Thursday, July 29, 2010

The Blessing Myth

Why do I speak out against religion so much? Well, for one, I see it being used as a way to undercut the secular nature of our government, as a tool of repression (especially against women), and a cover for some of the worst intolerance of human nature. I also have a problem with the worldview that religious thought often engenders. The following is an example of that troubling worldview, and how it can remove the very legitimate right of people who have survived traumatic events to feel bad about what has happened to them, and understand it in the larger context of random chance. The "Blessing Myth" takes away the right of trauma survivors to mourn their loss, as well as the very real connection they have to every other person on Earth, who is just as vulnerable to random acts as the victim herself.

I watched this very sad video about a woman who survived a plane crash with her husband. And as I watched, I just felt more and more uncomfortable about the tone of the narration. The woman who was in the crash kept saying over and over what a "blessing" the whole event was. Blessing? A plane crash that nearly claimed her life, and left her with disfiguring, debilitating injuries was a blessing?

That just doesn't make sense. Now, I can understand trying to put a positive spin on the things that happen to you- I don't advocate wallowing in self pity. However, I think it is only fitting and appropriate to be allowed to grieve legitimate loss- and this is a story of legitimate loss. The woman hints at this when she talks about emotion "sweeping over her" as she touched her old clothes and yearned to be the person she was before the crash.

Of course she does. Anyone would. That is totally reasonable, and I don't see a reason to put an artificially happy face on the subject. The reason she does, of course, is to make a religious statement. God gave her this "blessing" so she could view her role as wife and mother in a new light. She feels more "divine" after the crash.

Aha. Now it makes sense. The "blessing" is that of rationalization. How could a "good" god allow such bad stuff to happen? He was "blessing" you, of course! It also fits neatly into the whole "place" of women meme- now this person can truly "appreciate" her role as wife and mother, since she almost lost it all. That nagging question she sometimes whispered to herself- "Is this really all there is to life?" is now decisively put to rest, because god has "blessed" her with this trial that makes her more aware of what she almost lost. And let's not forget the social aspect of this- her declarations of faith and her praise to god for her "blessing" cements her role in her religious community. Instead of being pitied, she is revered, because she was chosen by god.

So what's wrong with this? It seems like a win/win. The woman in question gets to feel better about the hellish tragedy she suffered, she gains status in the community, and the community gets to use her story to bolster their own faith and bring new members into their faith community.

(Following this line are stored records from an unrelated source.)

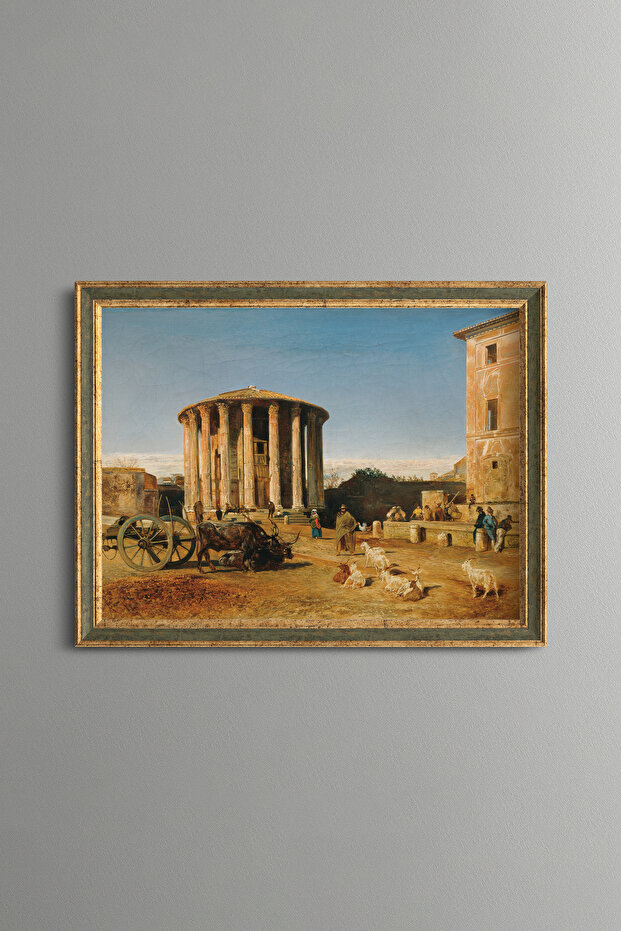Daily Life in the Ancient City - Vintage Patterned Frame - Slim Model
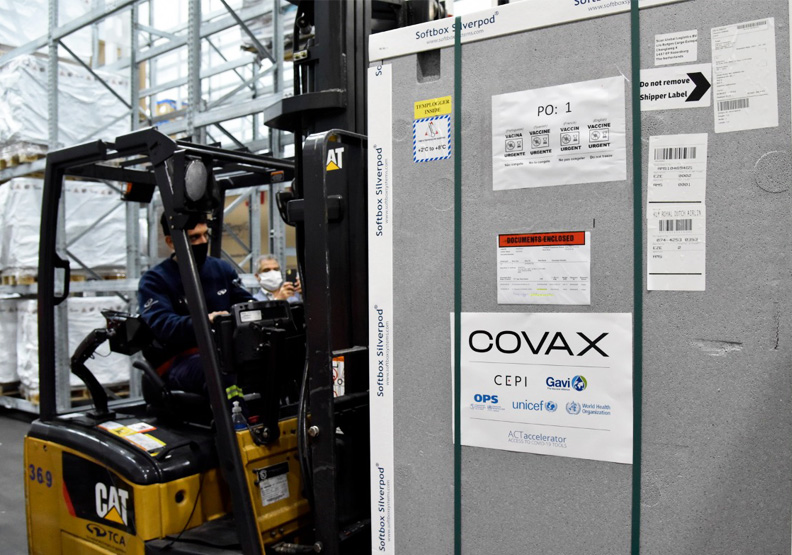 圖／COVAX配送疫苗。取自argentina.gob.ar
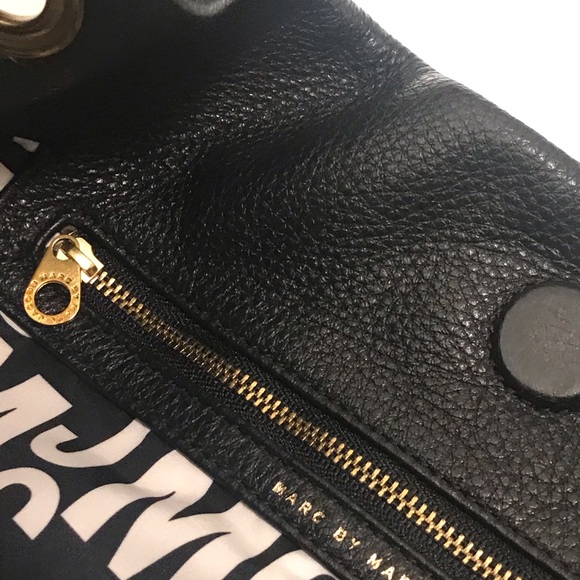 Marc Jacob Tote Hobo Black Leather Women's Bag - Picture 10 of 16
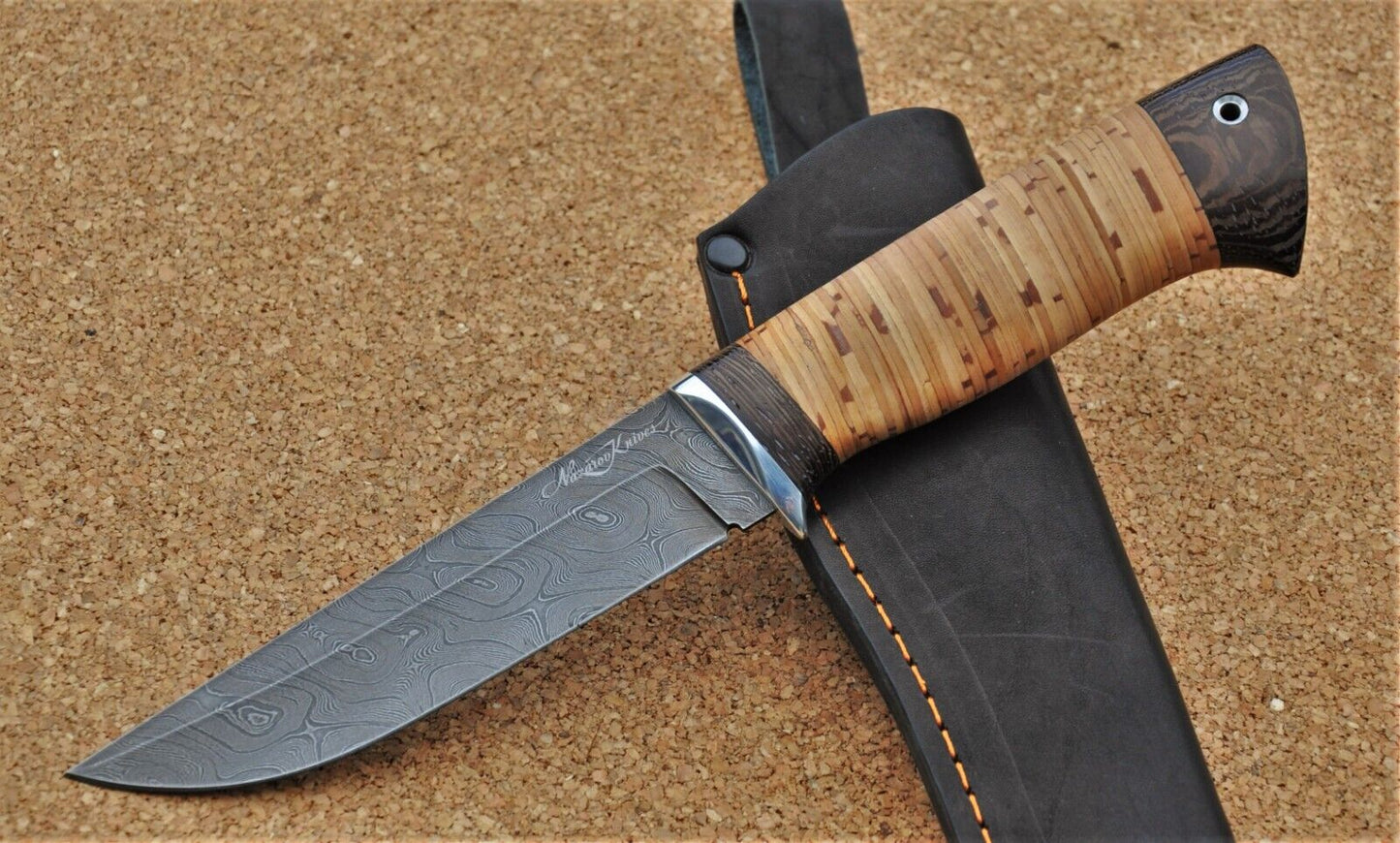 Damaszener Stahl Outdoor Jagdmesser Nazarov Knives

Well, it's a win for everyone except for those who loose. For one thing, this mentality is exactly what leads to abominations like Pat Robertson's declarations that Hurricane Katrina or the earthquake in Haiti were forms of divine retribution. God doles out the blessings and the curses, right? I am sure there are religious people who could spin the tragedy of the plane crash survivor's story into a tale of divine retribution as easily as a tale of divine blessing.

For another thing, this kind of rationalization makes a sticky problem of human agency. Should people just accept what comes their way as god's will? Should people try to prevent bad things even if they suspect god is behind them? Think this is academic? Think again. Religionists have been saying for years that pain in childbirth, which can be prevented, shouldn't be, because it represents Biblical "justice". Even non-religious rationales which valorize the "natural" seem to think great pain is simply a price women should "pay" in childbirth (this is the subject of my next post, incidentally). The rhetoric of "blessing", however ironically, can be put to service- IS put to service- when justifying human suffering of every stripe.

And finally- I suspect that the recipient of the "blessing" looses to, as she is not allowed to feel the very natural feelings of grief after this event. Instead, she represses them, and puts on a happy face. She feels singled out, and different, because she cannot accept the story of her misfortune in the context of random chance. She was "chosen"- this wasn't "one of those things" that could happen to anyone. Difficult questions undoubtedly follow. If this is a "blessing", why do I feel like shit all of the time? Why was I chosen? Is my husband, who was injured much less severely, "less chosen"? Or, am I his burden, his trial?

In the wee hours, when these questions surface, this blessing must feel an awfully lot like a curse.